Exercise goal> Set each line of the material below down word for word, from the first through the line that holds "2-Sitzer-Sofa mit Lederbezug", but not the pictures.

Available data>
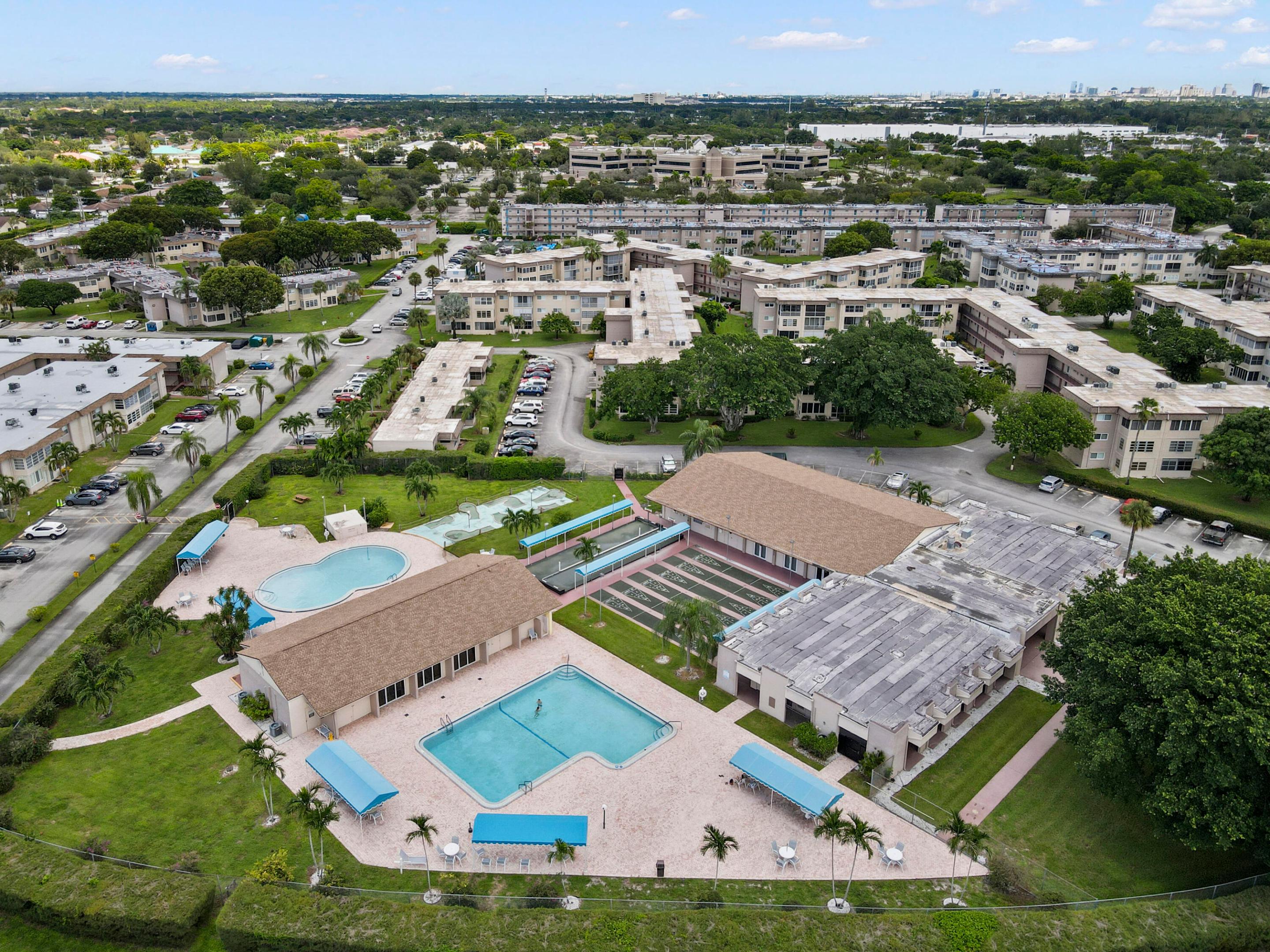 LAKESIDE VILLAGE COND NO 7 - Residential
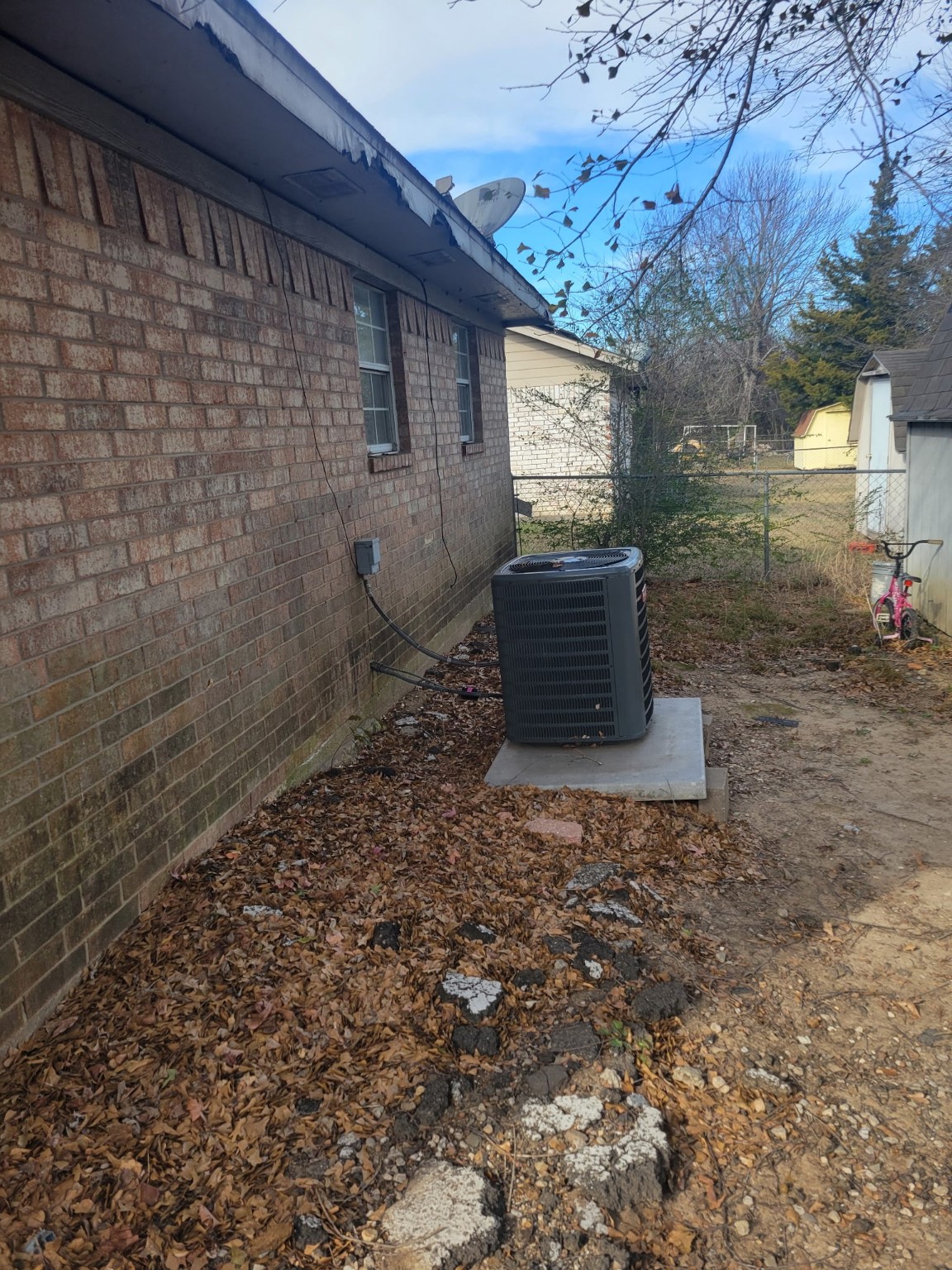 2135 40th Street SE Paris TX 75460
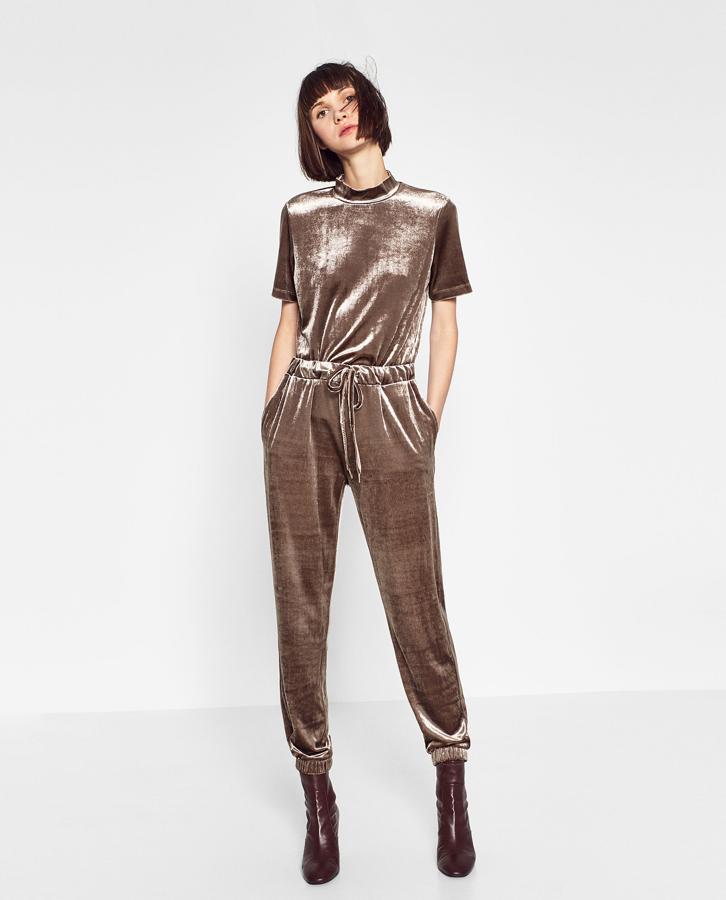 El terciopelo también entiende de monos. Este lo encontrarás en Zara (Precio: 17.95 euros)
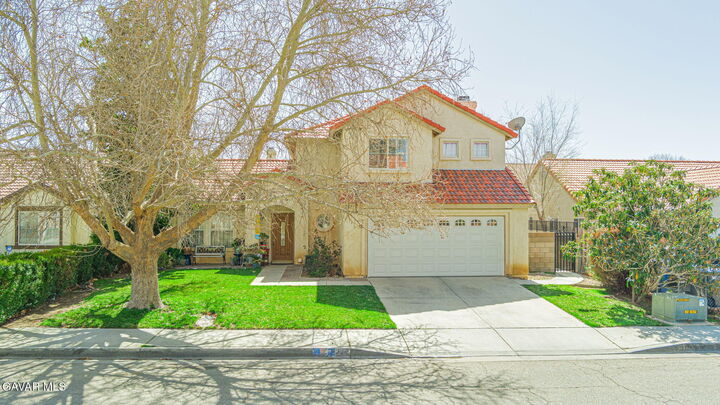 Property Photo:  836 E Ave K7  CA 93535 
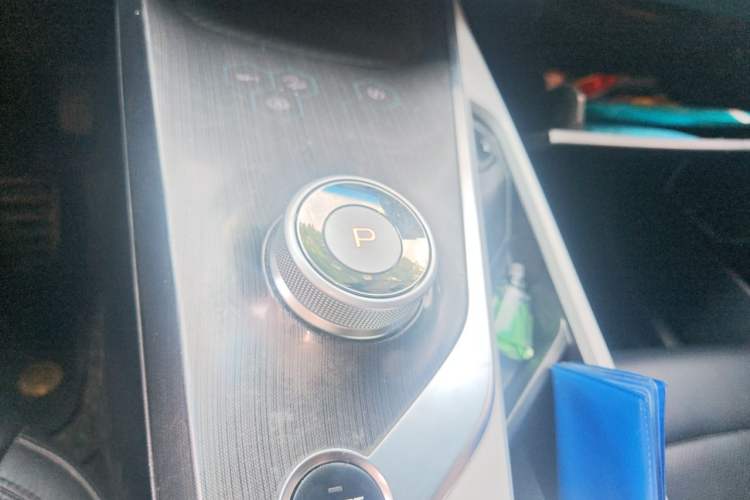 Used Geometry A 2019 High-Performance Standard Range Power Edition Gear Lever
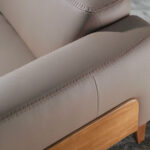 2-Sitzer-Sofa mit Lederbezug und Walnussholzrahmen
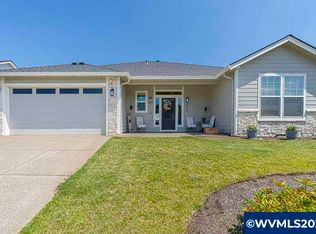 414 NW Cascade Mountain Dr, Dallas, OR 97338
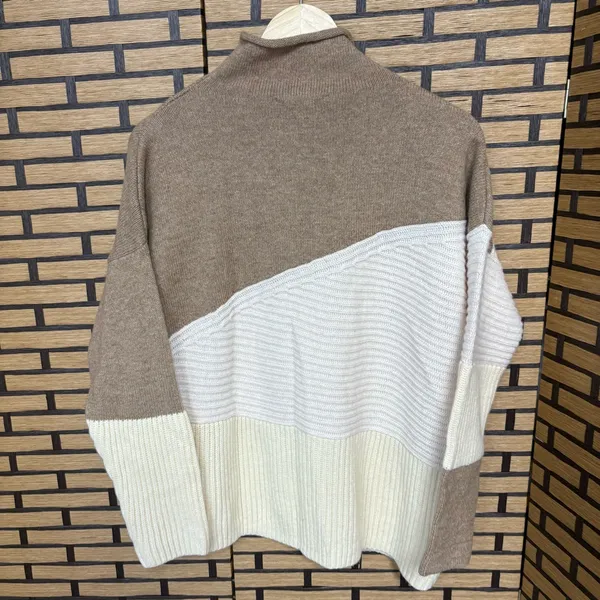 French Connection‎ Tan And White Turtle Neck Sweater Size Small - Image 2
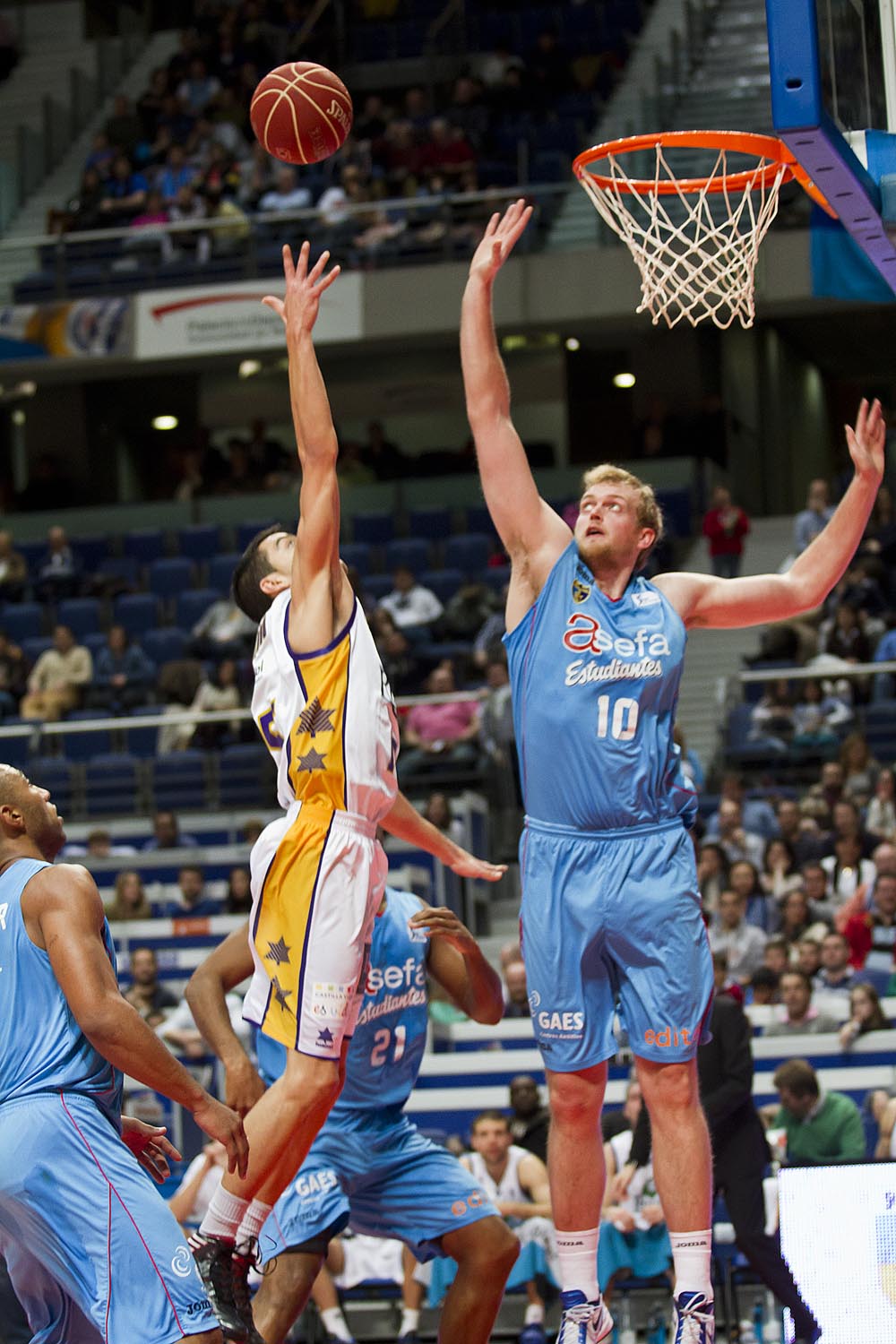 David Navarro, con la carta de libertad bajo el brazo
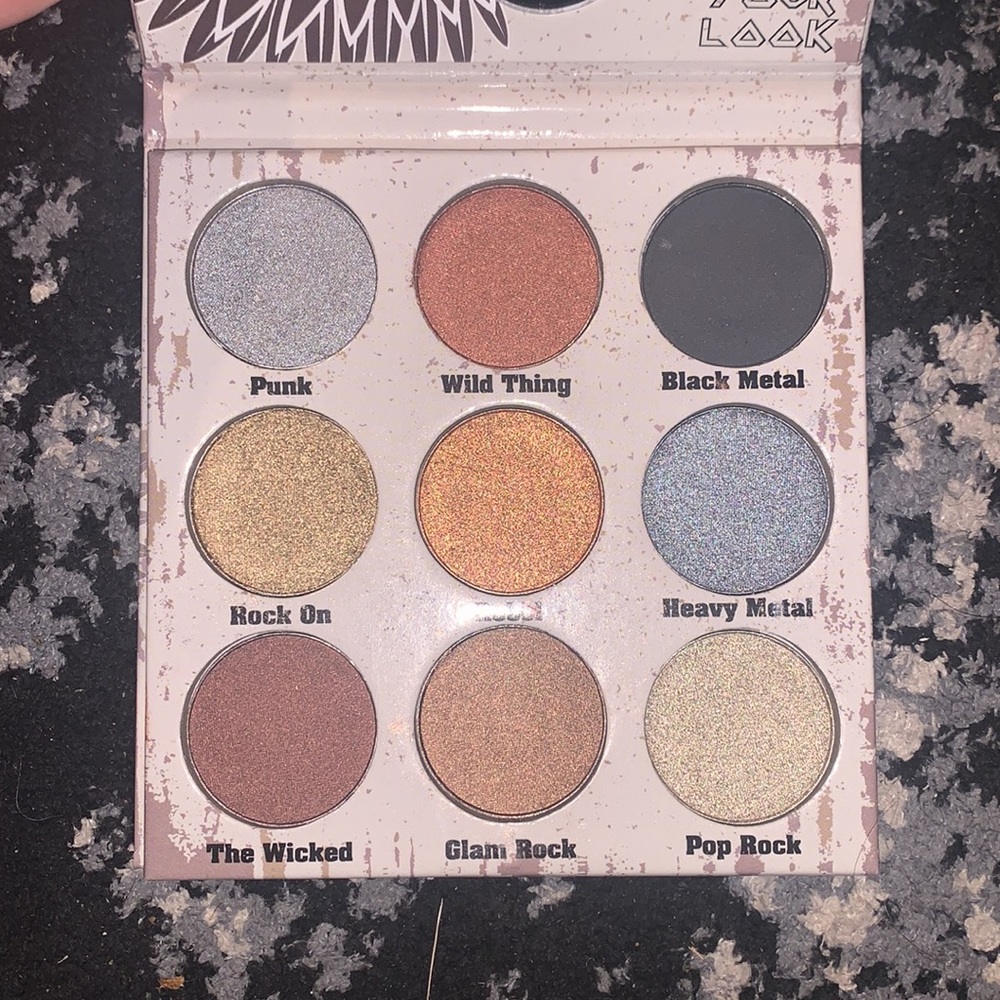 Crown Glam Metals Eyeshadow Palette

Problem solution>
 LAKESIDE VILLAGE COND NO 7 - Residential
 2135 40th Street SE Paris TX 75460
 El terciopelo también entiende de monos. Este lo encontrarás en Zara (Precio: 17.95 euros)
 Property Photo:  836 E Ave K7  CA 93535 
 Used Geometry A 2019 High-Performance Standard Range Power Edition Gear Lever
 2-Sitzer-Sofa mit Lederbezug und Walnussholzrahmen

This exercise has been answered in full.